# Black Walnut



## Ryano (Jul 7, 2005)

Any one ever work with black walnut before? Just curious, we just cut one down this weekend, and wondered if it was any good.


----------



## Robert A. (Jan 8, 2009)

Nothing wrong with Black Walnut at all Mate!! If you are needing someone to help haul it off i am sure there will be plenty of willing hands here, i wouldnt mind a few chunks of that myself. Good luck with it!!


----------



## Ryano (Jul 7, 2005)

It has been cut down and into chunks, its over in Ashwood which is near Van Veleck. Its my cousins place, PM me and I will get you in touch with him.


----------



## bill (May 21, 2004)

I have done some pens in BW. It would be good to see one of the big turners do a vase


----------



## Flat Fish (Jun 18, 2005)

I have a very small amout and it is nice wood. Wouldn't mind a chunk or two myself.


----------



## Ryano (Jul 7, 2005)

Flat Fish said:


> I have a very small amout and it is nice wood. Wouldn't mind a chunk or two myself.

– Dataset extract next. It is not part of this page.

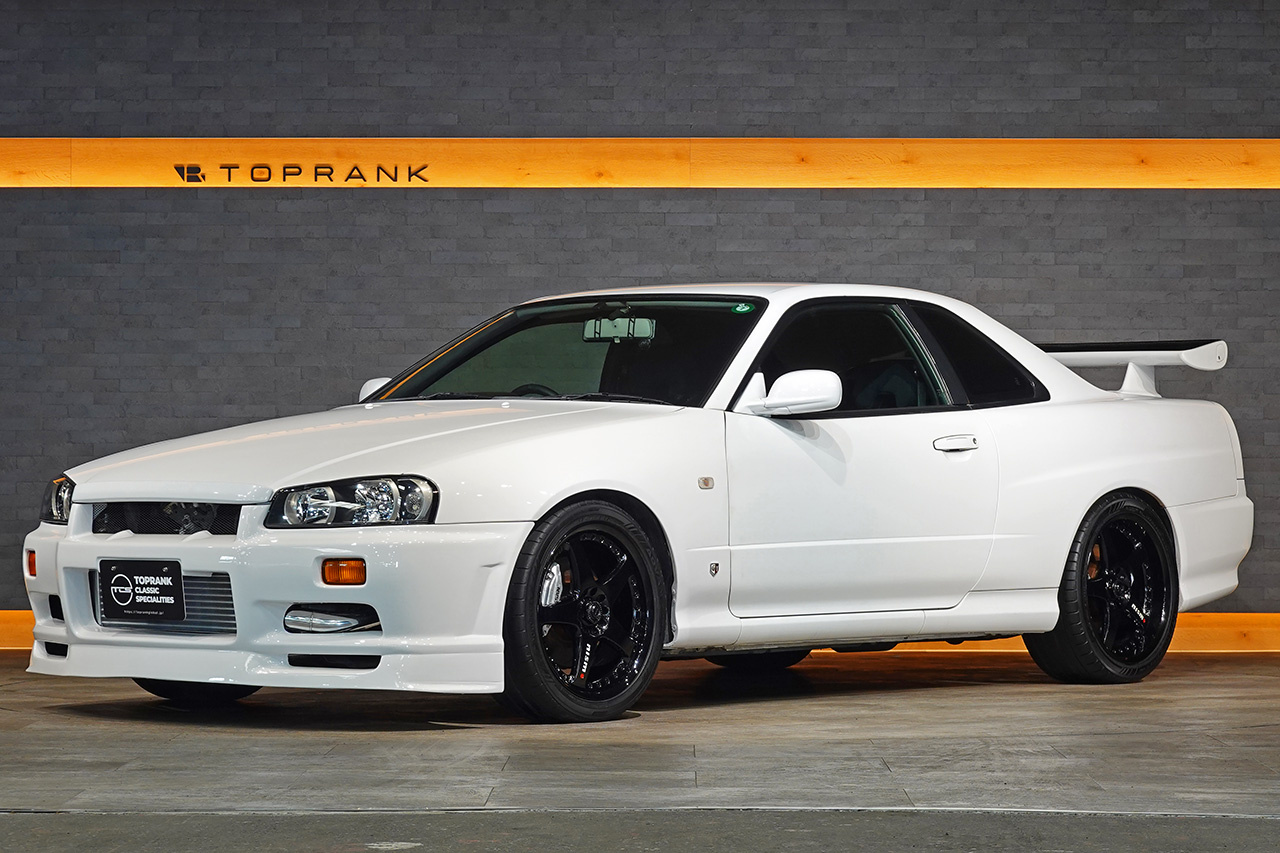 1998 Nissan SKYLINE COUPE ER34 Skyline 25GT-T, NISMO LMGT-3 18inch Wheels, R34 Skyline GT-R Style Rear Wing, Blitz Muffler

Send me a PM and I will get you in touch with the right person.


----------



## Slip (Jul 25, 2006)

Black Walnut is terrible for turning. Get rid of it as soon as possible. I will sacrifice and dispose of it from you because you don't want it around.







LOL

Black walnut is great for turning and beautiful wood. I have a vase I turned several years ago from a tree my brother cut down and using it for smoking meat. I got a piece and is great wood for turning.


----------



## Ryano (Jul 7, 2005)

Very nice!


----------



## biggreen (Feb 23, 2005)

It's great to cook with also. 
later, biggreen


----------



## CuzzinDave (Aug 13, 2009)

Hey yall,I am Ryano's cuzzin Dave,the one with the black walnut tree.I took a few measurments yesterday on the logs and trunk.There are several pieces in the 3' x 10" dia.
A few even bigger dia.The trunk is @ 8' from base/roots to the first fork. The forks are 16" dia. and 12" dia.Trunk circumference estimate is 40 + ".I will post a few pics later so yall can get a look.I am not a wood turnin guy,but I know you fellas with the know-how could make some use out of this stuff, other wise it will be used for whiskey drinking tournament this winter when we light the burn pile.
This tree was the deer/hog skinning tree.


----------



## Robert A. (Jan 8, 2009)

It was certainly a pleasure talking to you yesterday Dave! I will see you when I return from my trip not this weekend but perhaps the following weekend!! Hopefully i will be back by the 20th at the latest. :cheers:


----------



## Robert A. (Jan 8, 2009)

David,
It was a pleasure meeting you yesterday! Definetely money well spent & when it dries out maybe you will get to see some really nice pieces turned out of it.
Robert


----------



## pony car (Aug 30, 2009)

hey man. can iget some of this tree.. i wold be interested in the trunk. thanks


----------